START Dataset
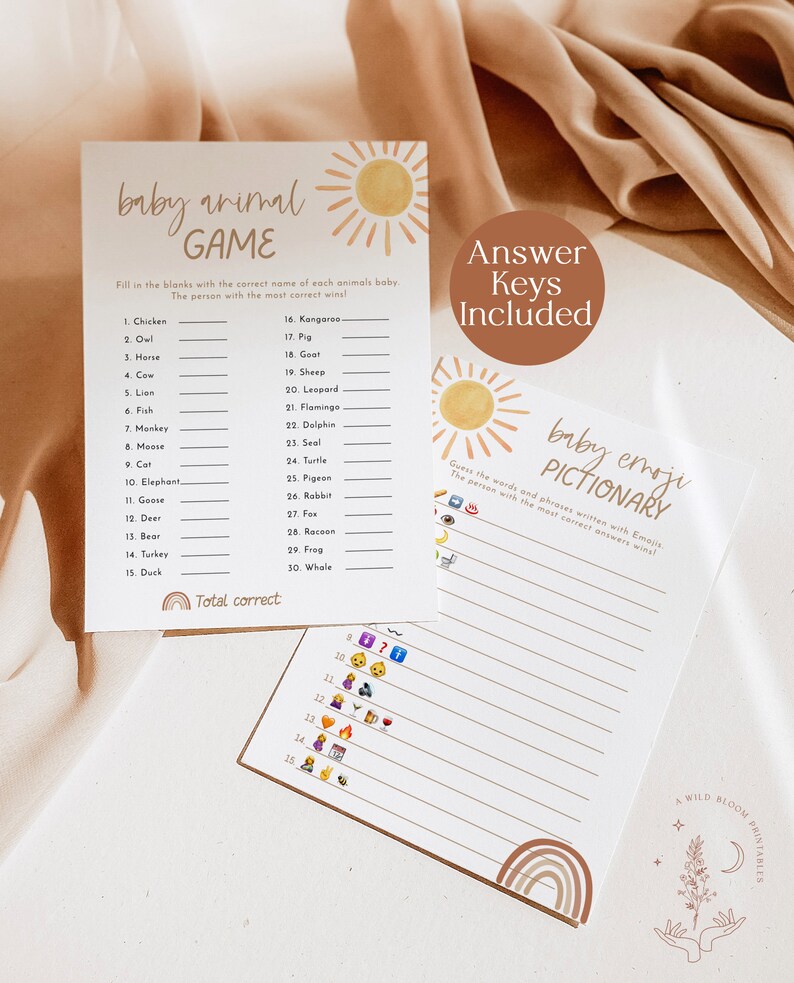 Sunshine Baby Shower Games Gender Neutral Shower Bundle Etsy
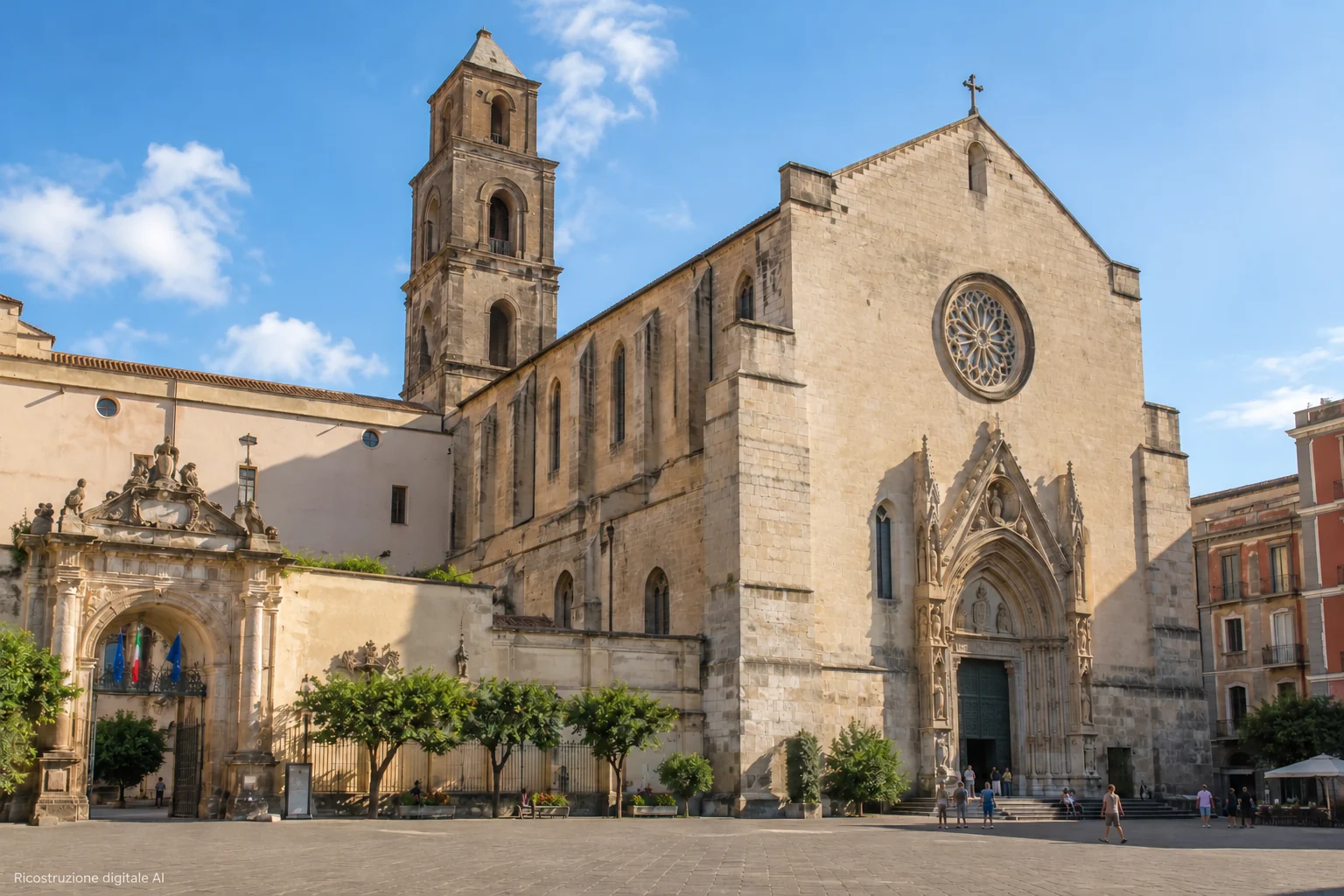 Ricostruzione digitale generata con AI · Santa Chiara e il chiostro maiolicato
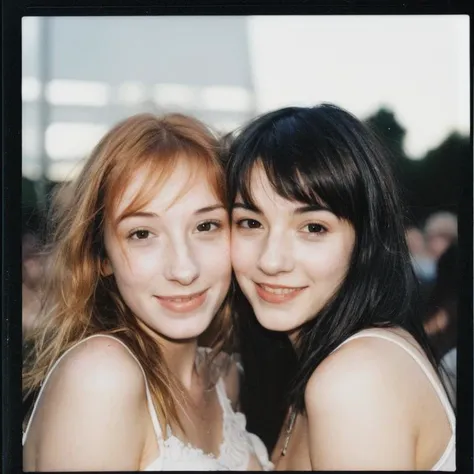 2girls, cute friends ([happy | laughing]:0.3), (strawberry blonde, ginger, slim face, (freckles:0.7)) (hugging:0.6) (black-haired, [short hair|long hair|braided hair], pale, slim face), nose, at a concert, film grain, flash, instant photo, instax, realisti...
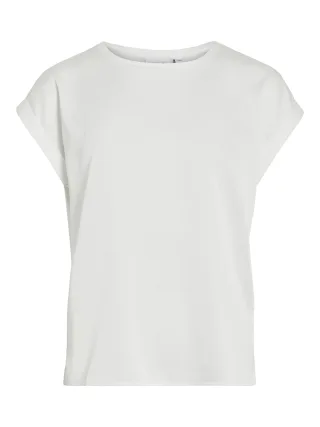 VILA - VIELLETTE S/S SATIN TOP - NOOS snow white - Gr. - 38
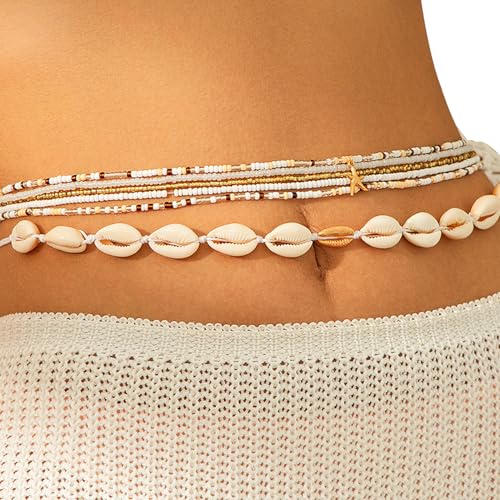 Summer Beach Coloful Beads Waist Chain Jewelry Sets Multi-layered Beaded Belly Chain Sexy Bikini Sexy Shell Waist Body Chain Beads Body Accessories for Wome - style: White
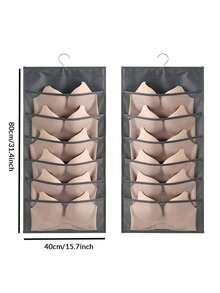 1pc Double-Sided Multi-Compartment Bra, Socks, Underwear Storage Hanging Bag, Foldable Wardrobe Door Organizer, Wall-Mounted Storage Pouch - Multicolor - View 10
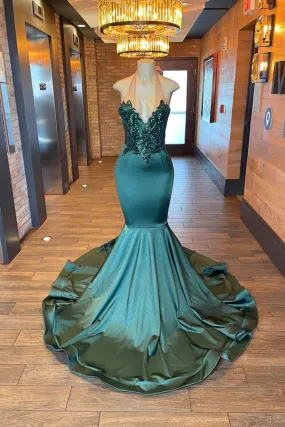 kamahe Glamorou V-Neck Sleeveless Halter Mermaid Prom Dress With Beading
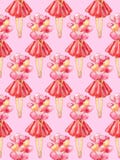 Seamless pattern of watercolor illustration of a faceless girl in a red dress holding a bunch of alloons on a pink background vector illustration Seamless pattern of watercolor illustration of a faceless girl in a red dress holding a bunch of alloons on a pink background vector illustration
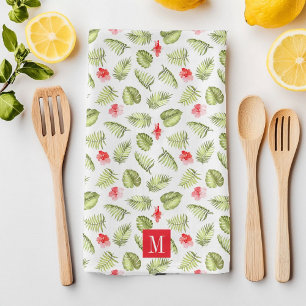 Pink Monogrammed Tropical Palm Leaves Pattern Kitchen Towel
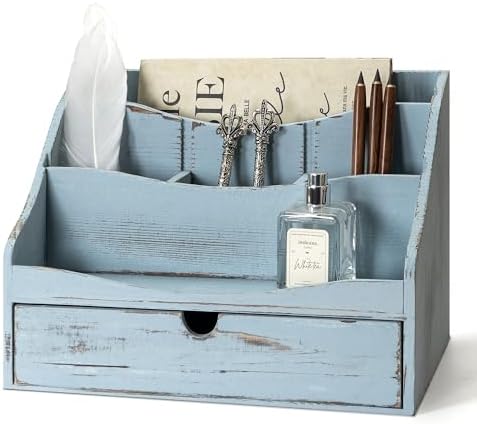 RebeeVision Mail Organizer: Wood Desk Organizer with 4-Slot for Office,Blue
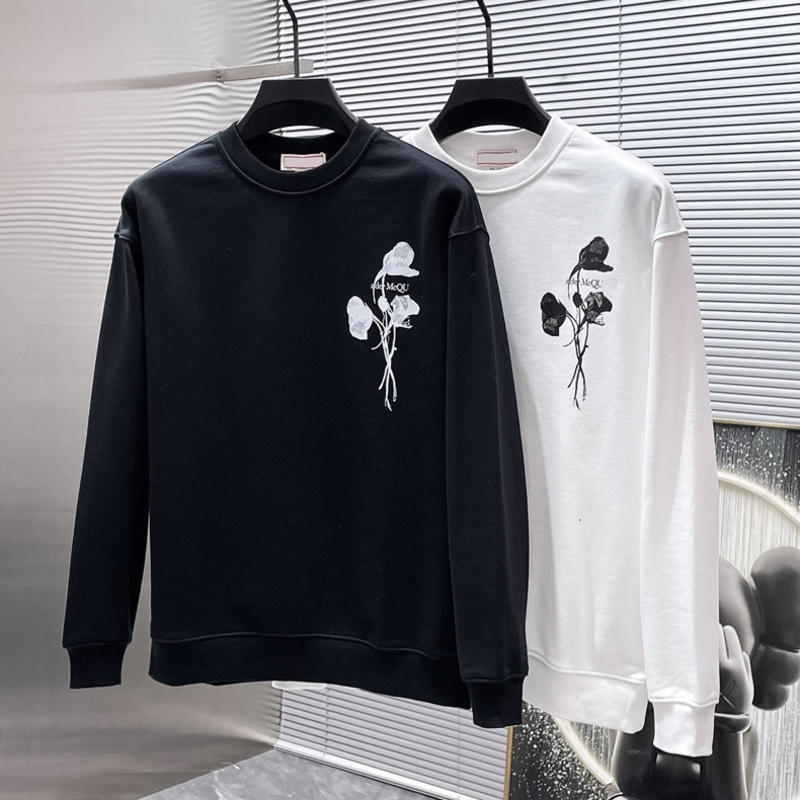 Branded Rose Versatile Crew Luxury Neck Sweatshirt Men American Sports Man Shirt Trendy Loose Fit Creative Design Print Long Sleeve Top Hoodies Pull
END Dataset
Would you restate, exactly and with no pictures, the lines of the entries above from the one containing "2girls, cute friends" through the one containing "Summer Beach Coloful"?

 2girls, cute friends ([happy | laughing]:0.3), (strawberry blonde, ginger, slim face, (freckles:0.7)) (hugging:0.6) (black-haired, [short hair|long hair|braided hair], pale, slim face), nose, at a concert, film grain, flash, instant photo, instax, realisti...
 VILA - VIELLETTE S/S SATIN TOP - NOOS snow white - Gr. - 38
 Summer Beach Coloful Beads Waist Chain Jewelry Sets Multi-layered Beaded Belly Chain Sexy Bikini Sexy Shell Waist Body Chain Beads Body Accessories for Wome - style: White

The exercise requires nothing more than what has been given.